Accueil > Politique | Analyse par Emmanuel Riondé | 21 décembre 2012

Dans la brume politique marseillaise, surgit Tapie

En mettant la main sur les principaux titres de la presse quotidienne du Sud-est, Bernard Tapie effectue un retour tonitruant à Marseille. Pas juste pour entamer une carrière de patron de presse : alors que les élections municipales ont lieu dans 18 mois, les états-majors du PS et de l’UMP n’ont pas de candidat incontestable. De quoi aiguiser les appétits.

Vos réactions
  • envoyer l'article par mail envoyer par mail
  • Version imprimable de cet article Version imprimable

Vendeur de télé, chanteur, showman, dirigeant d’entreprise, président de clubs sportif, député, ministre, prisonnier, comédien, propriétaire de yachts et de villas, « le beau jeune homme au nez de taureau » qui avait séduit Edmonde Charles Roux dans les années 80, et qui aura 70 ans en janvier n’avait encore jamais été patron de presse. Cet oubli devrait être réparé le 24 décembre lorsque le tribunal de commerce entérinera son offre de reprise (avec Hersant) des titres du Groupe Hersant Médias (GHM). Au passage, Bernard Tapie aura une nouvelle fois fait la preuve qu’il est un homme d’affaire hors-pair dès lors qu’il s’agit d’acquérir à bas prix des entreprises en difficulté mais potentiellement rentables. Dans le cas de GHM, en sortant moins de 50 millions d’Euros de sa poche, il récupère un groupe dont la valeur est estimée au double de cette somme et qui, du fait de cette reprise alternative au dépôt de bilan, est totalement désendetté.

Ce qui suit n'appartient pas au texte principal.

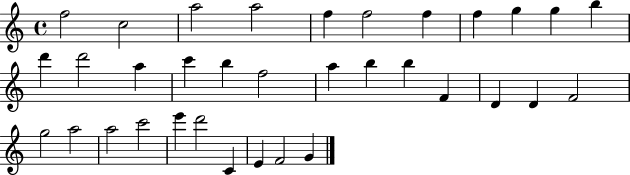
X:1
T:Untitled
M:4/4
L:1/4
K:C
f2 c2 a2 a2 f f2 f f g g b d' d'2 a c' b f2 a b b F D D F2 g2 a2 a2 c'2 e' d'2 C E F2 G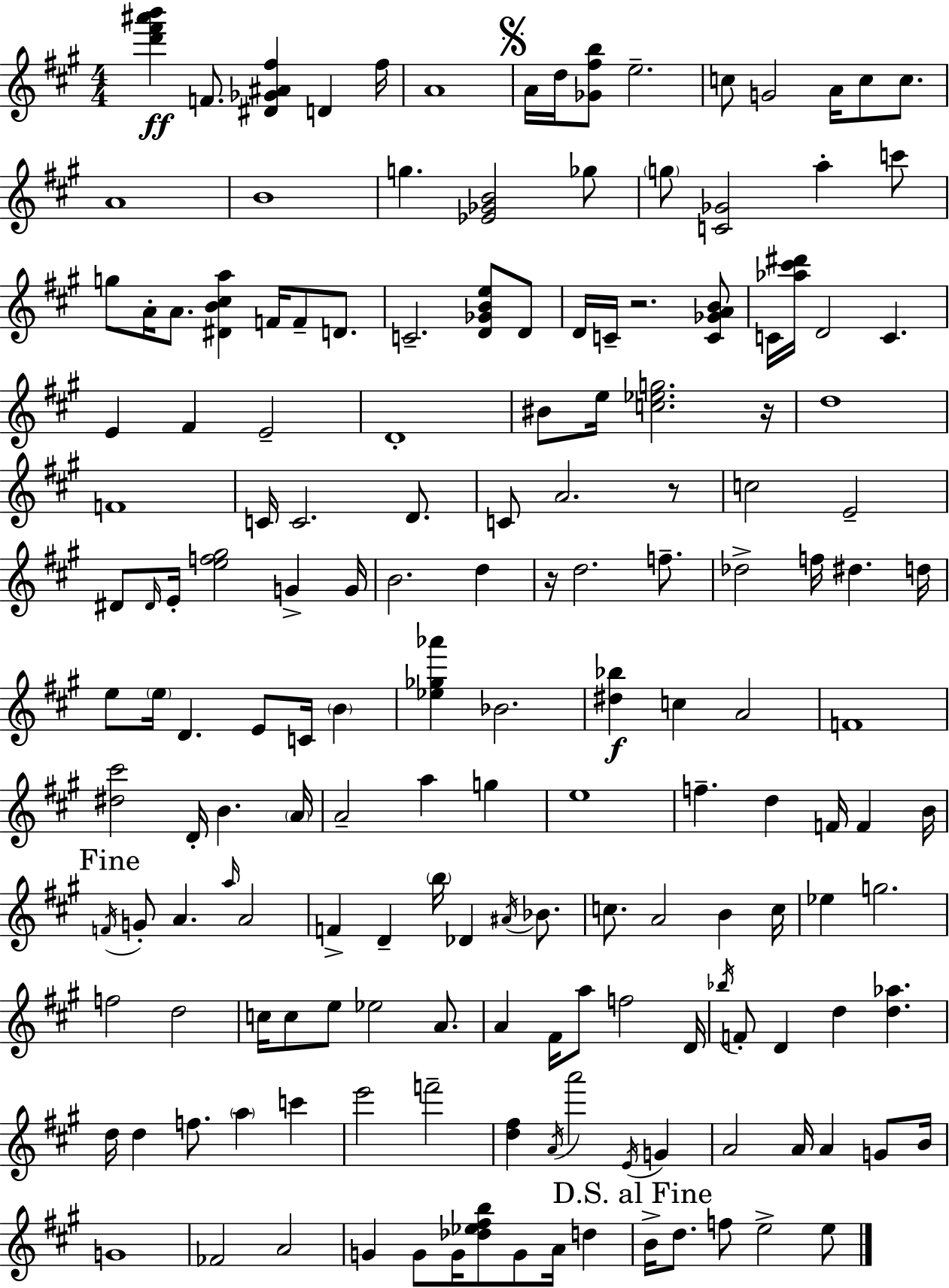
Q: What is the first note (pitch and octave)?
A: F4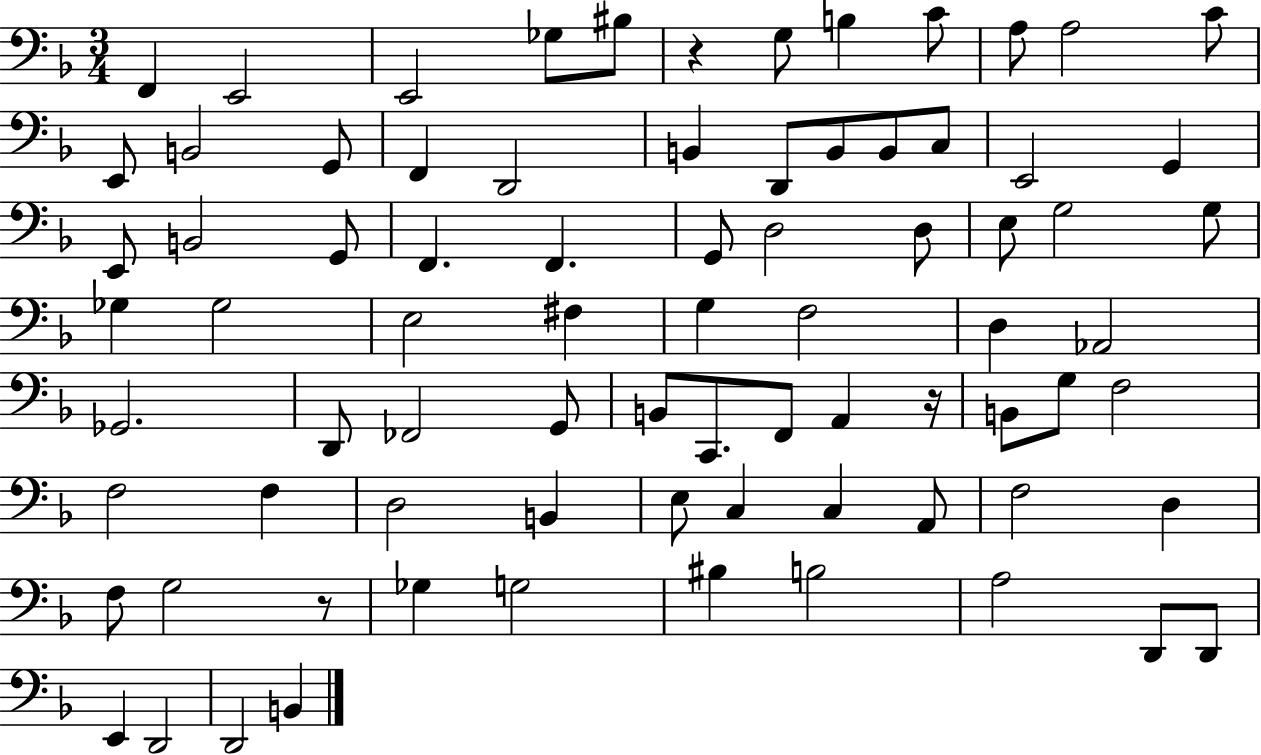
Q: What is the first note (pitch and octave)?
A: F2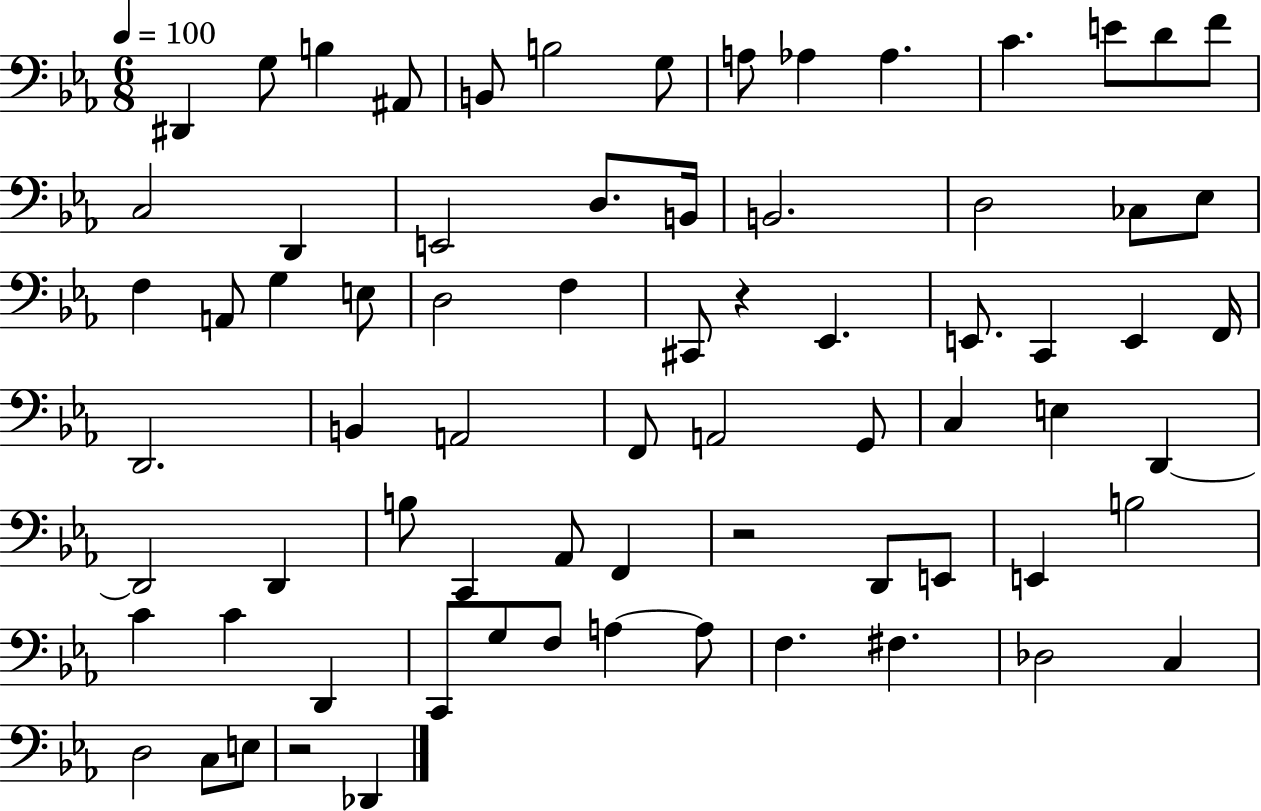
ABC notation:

X:1
T:Untitled
M:6/8
L:1/4
K:Eb
^D,, G,/2 B, ^A,,/2 B,,/2 B,2 G,/2 A,/2 _A, _A, C E/2 D/2 F/2 C,2 D,, E,,2 D,/2 B,,/4 B,,2 D,2 _C,/2 _E,/2 F, A,,/2 G, E,/2 D,2 F, ^C,,/2 z _E,, E,,/2 C,, E,, F,,/4 D,,2 B,, A,,2 F,,/2 A,,2 G,,/2 C, E, D,, D,,2 D,, B,/2 C,, _A,,/2 F,, z2 D,,/2 E,,/2 E,, B,2 C C D,, C,,/2 G,/2 F,/2 A, A,/2 F, ^F, _D,2 C, D,2 C,/2 E,/2 z2 _D,,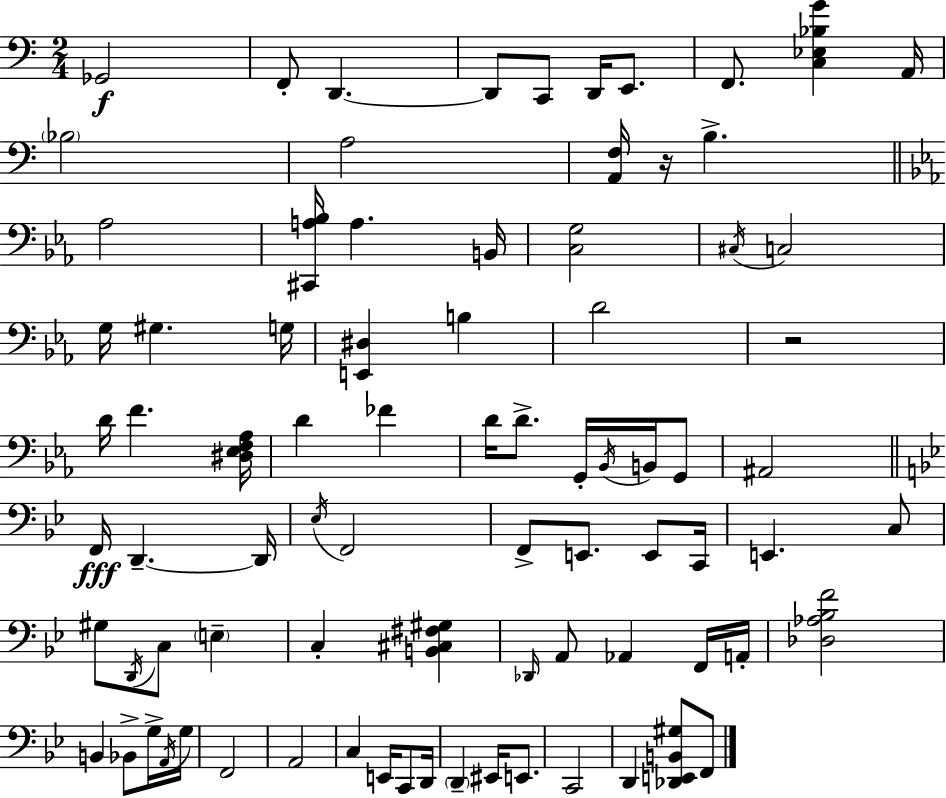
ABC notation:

X:1
T:Untitled
M:2/4
L:1/4
K:Am
_G,,2 F,,/2 D,, D,,/2 C,,/2 D,,/4 E,,/2 F,,/2 [C,_E,_B,G] A,,/4 _B,2 A,2 [A,,F,]/4 z/4 B, _A,2 [^C,,A,_B,]/4 A, B,,/4 [C,G,]2 ^C,/4 C,2 G,/4 ^G, G,/4 [E,,^D,] B, D2 z2 D/4 F [^D,_E,F,_A,]/4 D _F D/4 D/2 G,,/4 _B,,/4 B,,/4 G,,/2 ^A,,2 F,,/4 D,, D,,/4 _E,/4 F,,2 F,,/2 E,,/2 E,,/2 C,,/4 E,, C,/2 ^G,/2 D,,/4 C,/2 E, C, [B,,^C,^F,^G,] _D,,/4 A,,/2 _A,, F,,/4 A,,/4 [_D,_A,_B,F]2 B,, _B,,/2 G,/4 A,,/4 G,/4 F,,2 A,,2 C, E,,/4 C,,/2 D,,/4 D,, ^E,,/4 E,,/2 C,,2 D,, [_D,,E,,B,,^G,]/2 F,,/2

Le SNJ-CGT a réagit dès jeudi matin dans un communiqué intitulé « Tapie, patron de presse : un scandale absolu ». « Qu’on se rappelle ce que Tapie a fait de Look, Wonder, de Terraillon, d’Adidas (...), s’inquiète le syndicat. Qu’on se rappelle ce que Philippe Hersant, le piètre héritier du "papivore" Robert Hersant a fait de Paru Vendu, de Paris-Normandie (...) Tapie et Hersant sont des fossoyeurs d’emploi plus que des entrepreneurs ; les journalistes ont toutes les raisons d’être inquiets de cette association (...) »
Les journalistes, en l’occurrence de La Provence, Var-Matin, Nice-Matin et Corse-Matin, titres phares de la Presse quotidienne régionale du Sud-Est de la France, oscillent pour l’heure entre la discrétion (« on doit aussi travailler, nous... » nous éconduisait poliment hier jeudi un journaliste de La Provence) et l’inquiétude. « On a une impression de flou terrible ce soir », résumait hier Serge Mercier élu SNJ de La Provence après le passage à la rédaction de Bernard Tapie. A cette occasion, ce dernier a fait part aux salariés de son amour intact pour Marseille et de ses projets de développement des titres, mais aurait aussi indiqué qu’il ne connaît « pas trop » et n’aime « pas forcément » la presse.

L’histoire de Bernard Tapie avec Marseille est d’abord celle de son passage à la tête de l’OM. Débutée en 1986, sa présidence du club emblématique de la ville s’achèvera au cœur des années 90 avec la conquête, en 1993, du titre de vainqueur de la Ligue des champions puis par l’affaire VA-OM qui, entre autre, finira par l’envoyer en prison en 1997. C’est également au cours de cette décennie - du milieu des années 80 à celui des années 90 - qu’il va débuter une carrière politique avec l’appui de François Mitterrand. Elu une première fois député en 1989 de la 6ème circonscription de Marseille, il le sera de nouveau en 1993 à Gardane après avoir été pendant un an ministre de la ville du gouvernement Bérégovoy. En 2001-2002, il réapparaîtra le temps d’une saison et demi aux commandes de l’OM. Propriétaire d’un hôtel particulier à Paris, il a récemment acquis une immense villa à Saint-Tropez, acquisition révélée en septembre dernier par Mediapart.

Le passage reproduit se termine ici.